┏━━

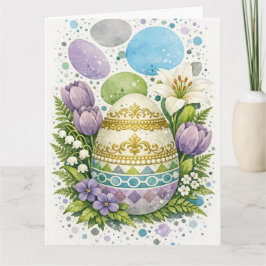 Akvarell Blommig Påskägg Kort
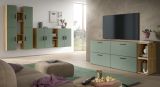 Sideboard Onawa in Gr�n und Artisan Eiche Kommode h�ngend / stehend 176 cm, Soft-Close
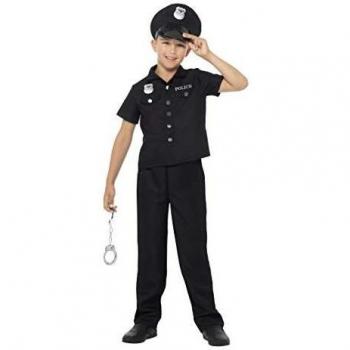 Smiffy'S 49650L Disfraz De Policía De Nueva York Con Camiseta, Pantalones Y Sombrero, Negro, L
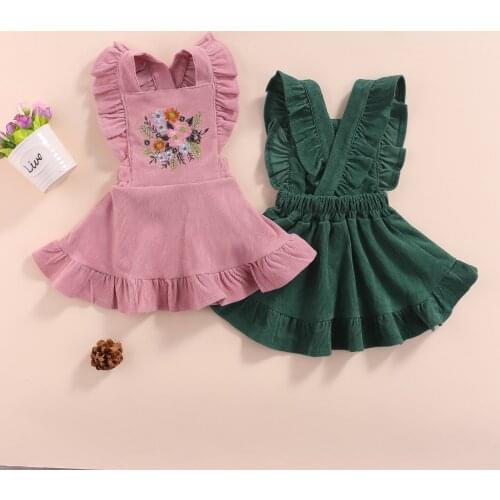 Lioraitiin 0-3Years Baby Girl’s Casual Suspender Ruffles clothing Vintage Flower Embroidered A-line Princess Dress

┗━━

• **TASK ITEM**: Extract only the lines from the line containing "Smiffy'S 49650L Disfraz" through the final line of the listing above, unchanged; pictures stay out of the copy.

• **EXPECTED ANSWER**:
 Smiffy'S 49650L Disfraz De Policía De Nueva York Con Camiseta, Pantalones Y Sombrero, Negro, L
 Lioraitiin 0-3Years Baby Girl’s Casual Suspender Ruffles clothing Vintage Flower Embroidered A-line Princess Dress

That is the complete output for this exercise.